Alaskan Wants To Use Oil Bounty To Buy M's, Keep Them In Seattle

The Seattle Mukluks? Pitchers throwing "snowballs"? A real moose instead of a guy in a costume?

The possibilities for Northwest baseball fans are endless - if Lee Stoops' dream comes true.

Stoops, in his own words, is just "an ordinary dad" from Juneau who loves baseball. He loves it so much he wants Alaskans to buy the Seattle Mariners, using $100 million from the $13 billion Alaska Permanent Fund, Alaska's savings account from the Prudhoe Bay oil rush.

Stoops is not some Tampa Bay baseball thief dressed in a furry parka. He has no intention of moving the Mariners to a field of dreams in the Alaskan tundra.

He just wants Alaskans to use the fund, which paid annual dividends of about $930 to every Alaskan last year, to buy something people in Alaska can relate to.

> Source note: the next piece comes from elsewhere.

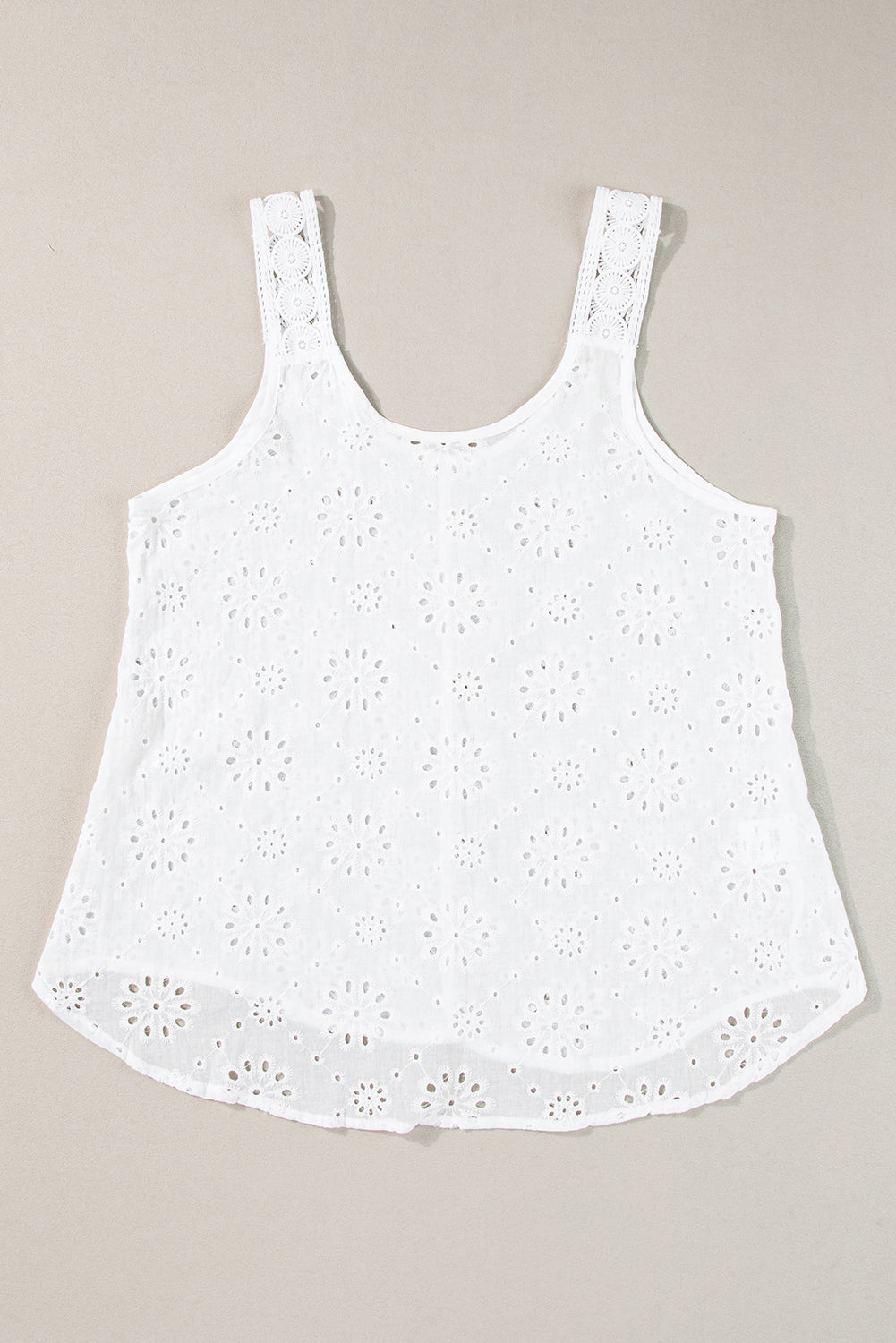 White Eyelet Embroidery Tank Top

"This could be a wonderful thing for Alaskans; a lot of lives could be enriched," said Stoops, a real-estate agent. "The Mariners would stay in Seattle. The team would become the North Pacific Mariners."

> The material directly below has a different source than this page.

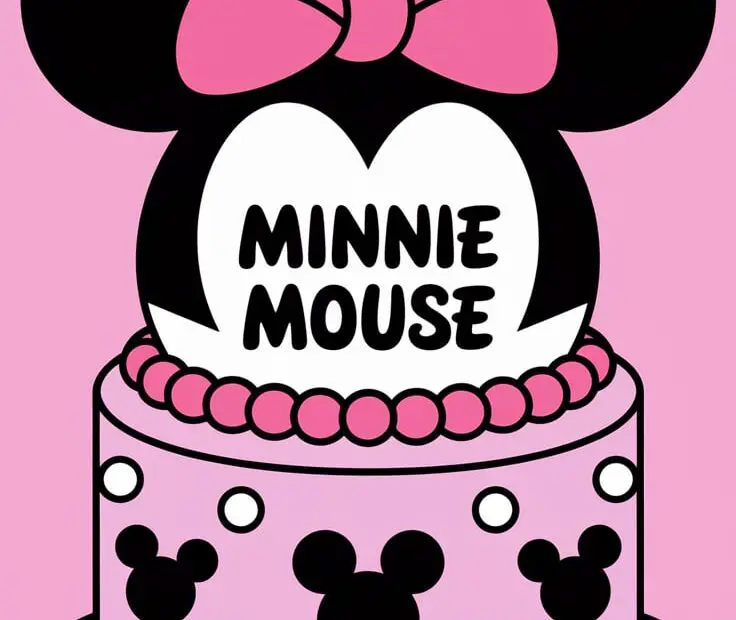Full view of Minnie Mouse cake with pink polka dots and fondant bow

He figures the club could show loyalty to its new owners by playing a few exhibition games in Anchorage.

Stoops has already contacted Mariner owner Jeff Smulyan.

"He was positive," Stoops said. "He said there has never been a (fully) publicly owned team, but that doesn't preclude us from doing it."

What does preclude Stoops is a key provision in Alaskan law that limits the fund's investments primarily to stocks, bonds and real estate, and even that only under certain conditions.

"It's possible but difficult," said Bob Maynard, deputy director of the Alaska Permanent Fund.

Such an investment would require 51 percent approval by legislators of a change in uses for the Permanent Fund.

"It's easier to block something than pass it," Maynard said, particularly if it involves the Permanent Fund.

Fortunately for Mariner fans, there are at least two other buyer groups said to be interested in purchasing the franchise.

The public-private panel trying to make such a purchase more attractive is still trying to raise $13 million a year in new revenues for the team.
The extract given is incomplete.